Leo Pareja: Thanks for the question. So the first most important one is there will be no changes to the NextHome brand. There will be a stand-alone brand because it is a different offering as a complete separate chassis. And NextHome was nimble and highly strategic acquisition for us. The part of the appeal is having the second chassis as well as the leadership. Going into a world where consolidation and roll-ups are happening, I think the -- there's no -- it'd be wise to not underestimate the leadership groups that come together because we are in a very specific independent contractor-driven business that is personality-driven and people follow people. And we have very large buying power.
So there's going to be quite a bit of synergies on technology that we purchase across the board. And as we were doing due diligence, we were both pleasantly surprised by the similarities. They're 42% virtual. A lot of their franchisees use Regus out of all shared spaces with a lot of similarities from tech stack with all the other vendors we offer. So there is going to be some really interesting synergies as we go forward.
Operator: Great. Okay. And another one from Stephen Sheldon. He said, "Great to see continued strong agent NPS but it did step down a touch sequentially." Is there anything to call out there?
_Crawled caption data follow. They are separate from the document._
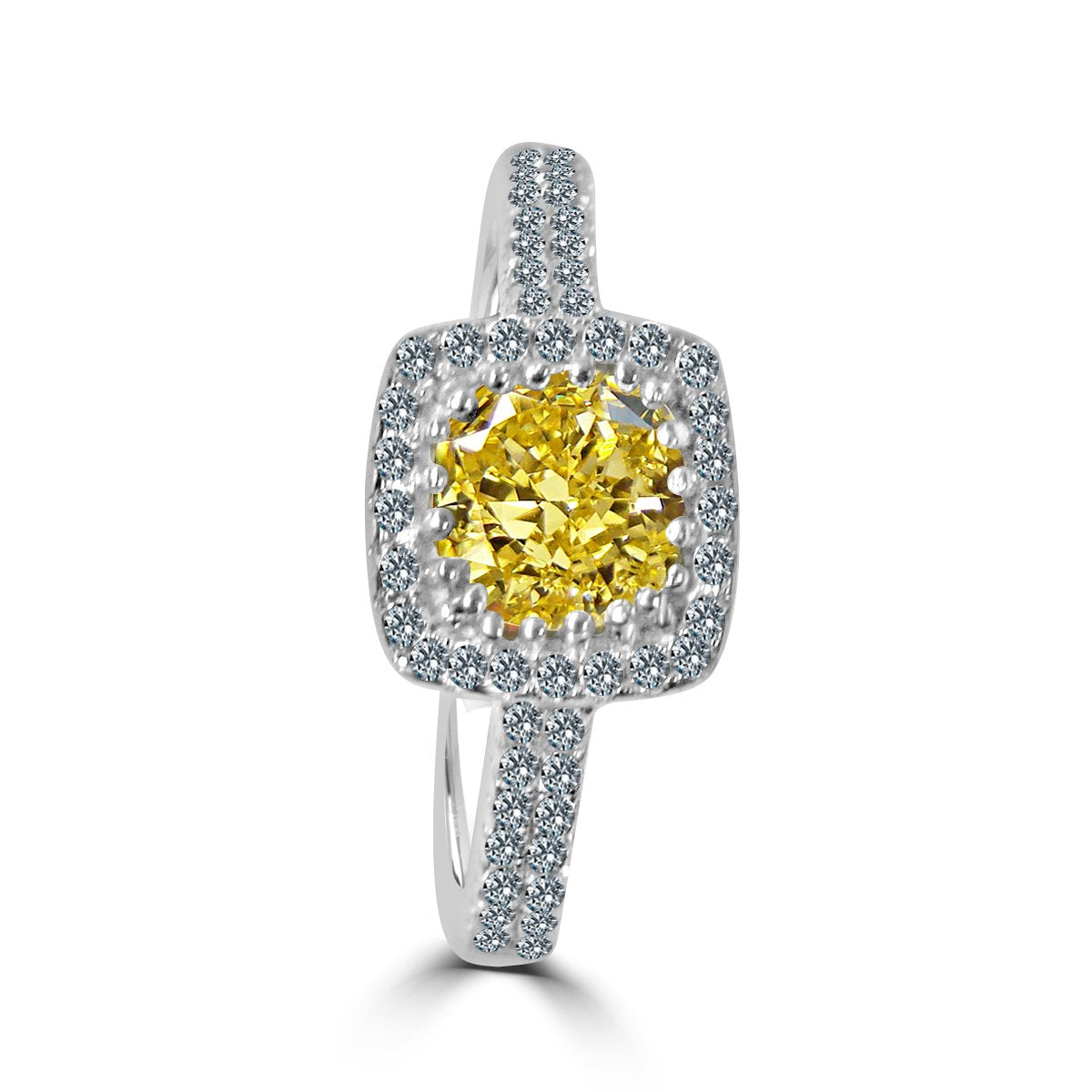 The zirconmania Ring 1CT Cushion Radiant Center w/Halo Pave CZ Sterling Silver (705R0251) features a cushion-cut yellow gemstone with a halo and band of sparkling pave CZ diamonds, displayed on a white background.
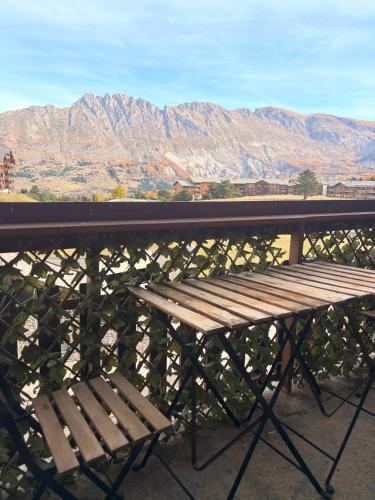 a wooden bench sitting on a balcony with mountains at Studio familial, chaleureux, pied des pistes, 5e étage, côté calme in Superdevoluy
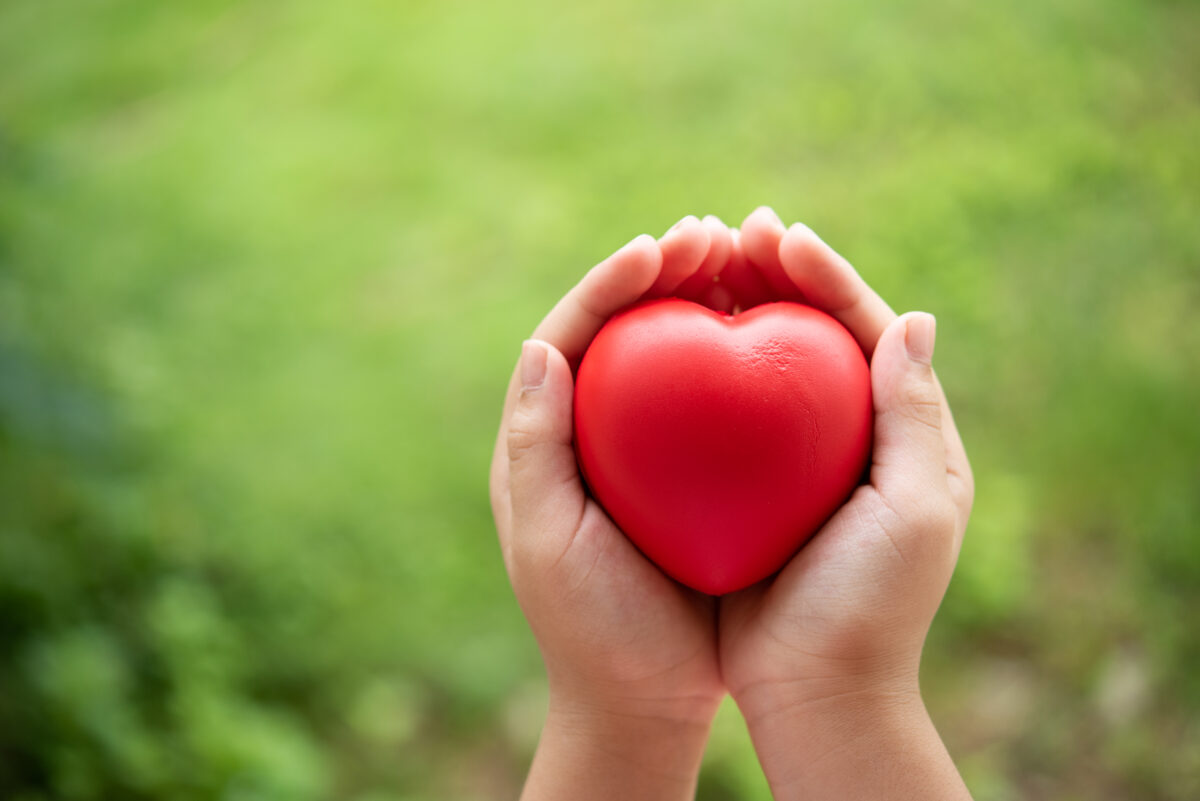 child-holding-red-rubber-heart-1200x801.jpg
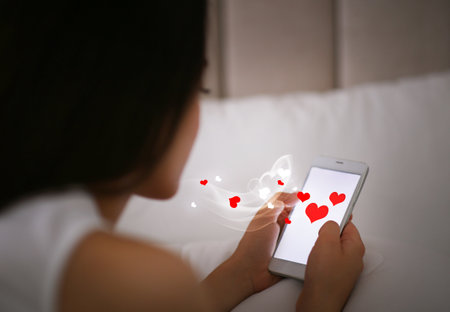 Young woman dating visiting site via smartphone indoorsの写真素材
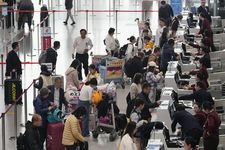 Orang-orang check-in untuk penerbangan mereka, termasuk yang menuju Jepang, di Bandara Internasional Ibu Kota Beijing di Tiongkok pada 15 November 2025.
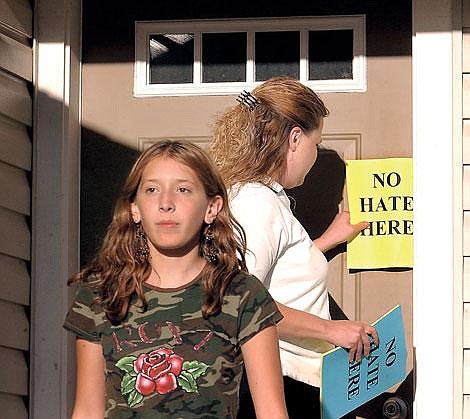 Jill Summers, right, and her daughter Brianna Murillo leave fliers in the doors of their neighbors Thursday night. Residents of the south Kalispell area are concerned about a family of white nationalists that recently moved into the neighborhood. A group of about 20 adults and children distributed the fliers. Karen Nichols/Daily Inter Lake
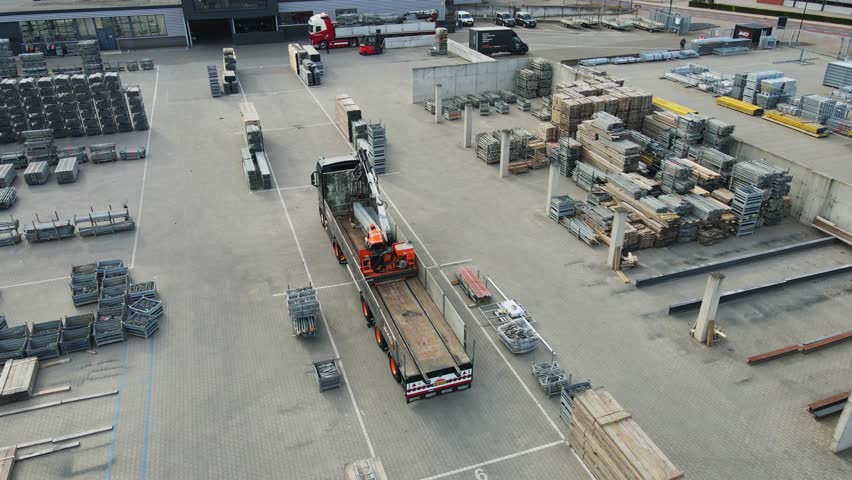 Beautiful aerial of a large truck on an industrial storage yard loading the with a onboard crane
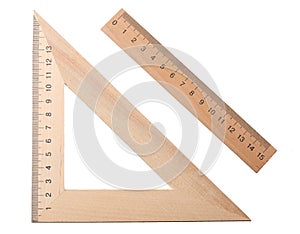 wooden triangle with wooden ruler isolated on white background. top view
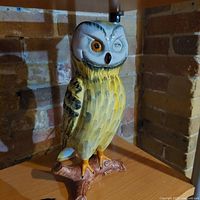 Full side view of the hand-painted Italian pottery owl figurine on branch base.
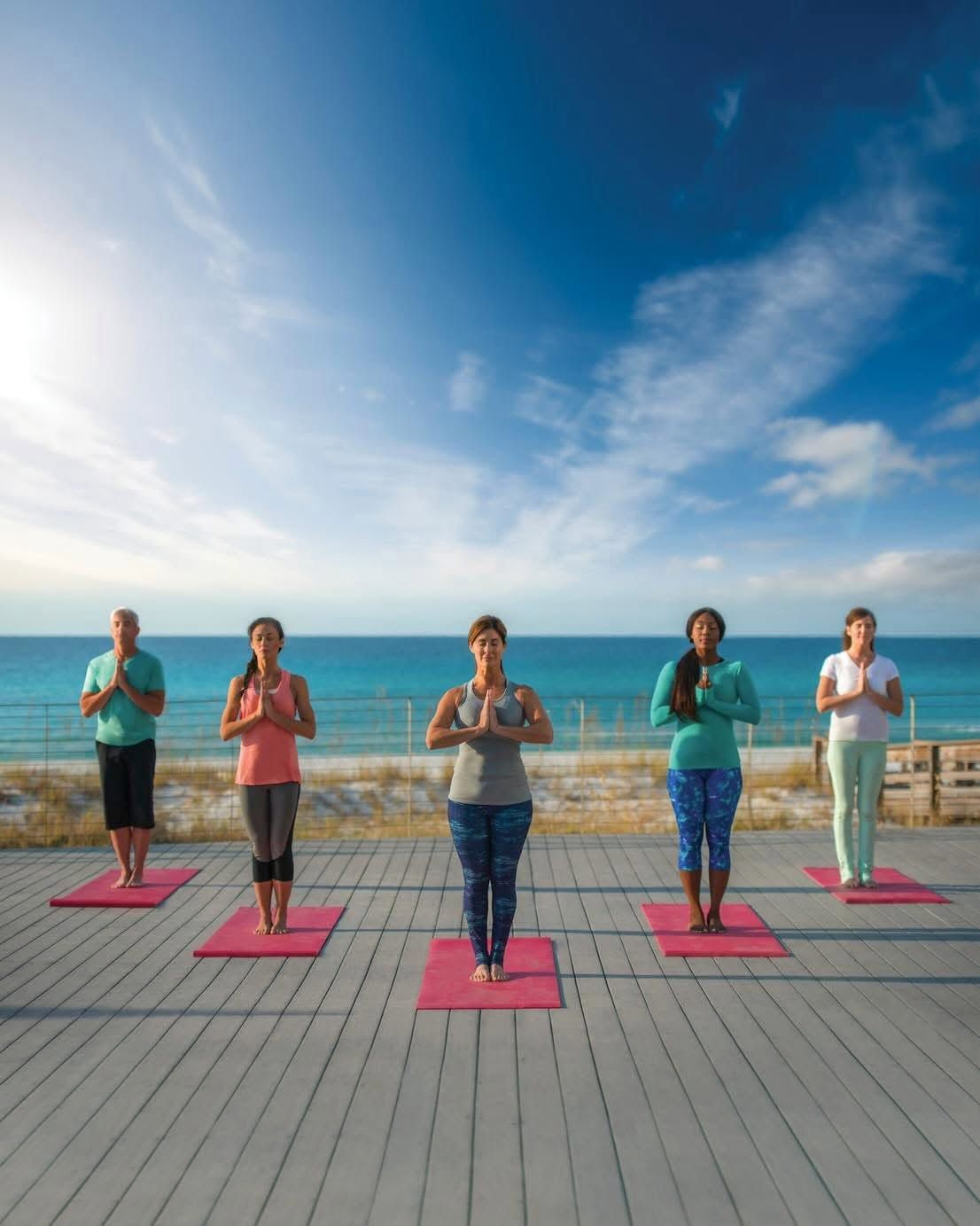 Beachfront outdoor yoga class at Serenity by the Sea Spa in Miramar Beach, Florida overlooking the Gulf of Mexico.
Leo Pareja: Yes, that's a great question. And that's one of the reasons why Glenn started with NPS and the focus on it. One is anything in the 70s is considered good. If you were to have like, an 80-plus, someone's almost gaming the system. We're all students of Fred Reichheld. He's on our board, and I've read the book cover to cover. And you never want to game the system. So that is a very good example of in real-time fire smoke detector system, and we were able to identify it. And it's one quarter versus multi-quarter sequentially. And that's actually a perfect example of the metric being used in action.
Operator: Great. All right. And over at Slido, we have already answered the questions that we got there. So thank you, everyone, for joining us on our first quarter earnings call. This concludes the call. As always, please stay connected by visiting eXp World Holdings for the latest updates on eXp news, results and events. Additionally, you'll find a recording of this call and our latest investor presentation on the Investors section of our site. Thanks again for joining, and this concludes our First Quarter Earnings Fireside Chat.